Barely able to wear anything on my skin, I was forced to go to the audition in extreme pain, with a beet red face.  Not very attractive I can assure you.... and worst of all, I couldn't remember my lines and failed the audition.... 

Here I am with my dad, Bill Williams, wearing the dress, Dec. 1965, 
 I died my hair black and I looked like I was 35.

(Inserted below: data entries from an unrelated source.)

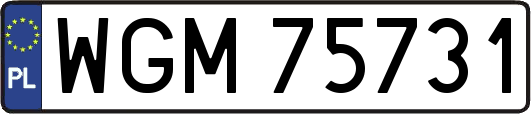 WGM75731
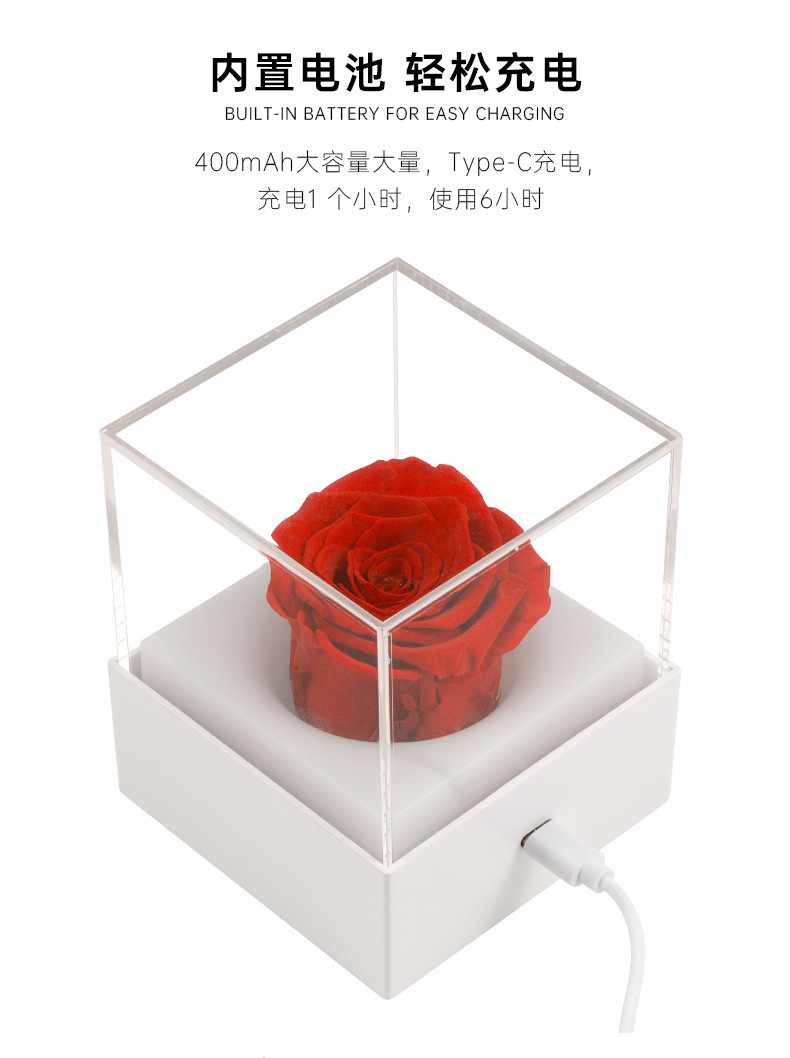 永生花夜灯_09.png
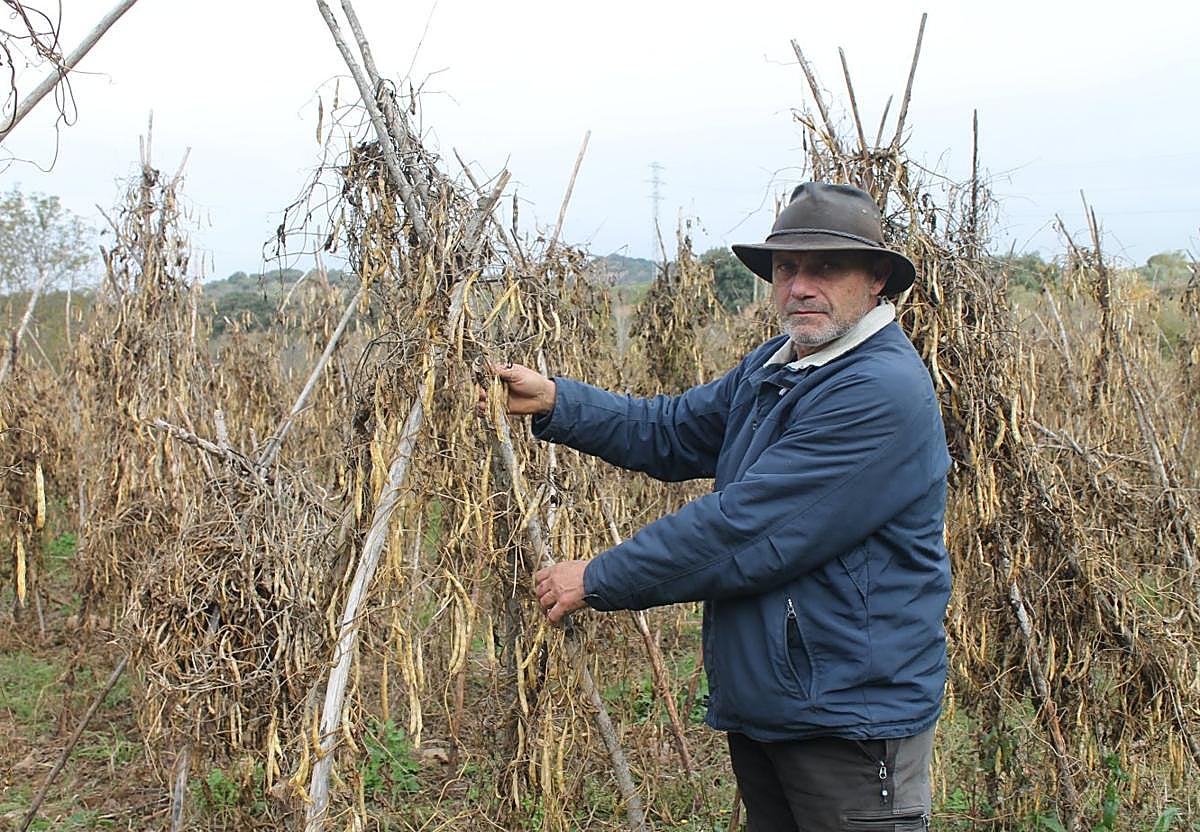 Julio, cultivador de Anguiano, muestra algunas de las plantas de alubias afectadas por el exceso de lluvia, que ha descuadrado la cosecha.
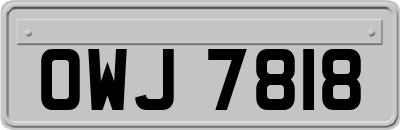 OWJ7818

My dad knew the director at M.G.M. and asked him how I did.  Not wanting to be unkind...I'm sure... he told my dad that I looked to mature to play a high school kid, even though I was a high school kid..... He said, because I was under age, I'd have to have special tutors and the producer didn't want to pay for it. They were looking for girls who were over 18 and looked younger.
I must admit I did look pretty mature, with my eyes overdone with  Maybelline, and wearing a sexy black sheath with a low cut neckline, that Nana and my mom picked out for me. I may have looked 35 on the outside, but inside I was immature, insecure and unprofessional... and sadly, I didn't get the part. But the good news was the show was shelved for 5 years, so I guess the producers had a hard time funding it or finding the right talent. However, it finally aired in 1969 and became a very popular show.

I THOUGHT I WAS THE MARY AND SANDY WAS THE RHODA.....turns out I was wrong, she was the cutest.
The announcement in the paper about the Miss Culver City Contest, I'm in the middle, # 5, the only blonde.. My friend Sandy Block #6, won when I was disqualified.

Sharrie # 3, Sandy # 4 from left.

Sandy # 3 on top, Sharrie # 4, who is the cutest.....

Well the judges thought Sandy was the cutest and she won.
My big fat ego was deflated after being disqualified during the finals at the Miss Culver City Beauty contest.....for being a professional actress..... Because I was auditioning at MGM...It was humiliating, but, I learned that the more beautiful you are and the more privilege you come from, the harder it is to get a break.

It hurt me to be cut out of Room 222 and the Beauty Contest, but it taught me why my great uncle Tom Lyle Williams, founder of the Maybelline Company, wanted us kids to remain hidden from the world for our own protection and just be normal kids, with normal lives.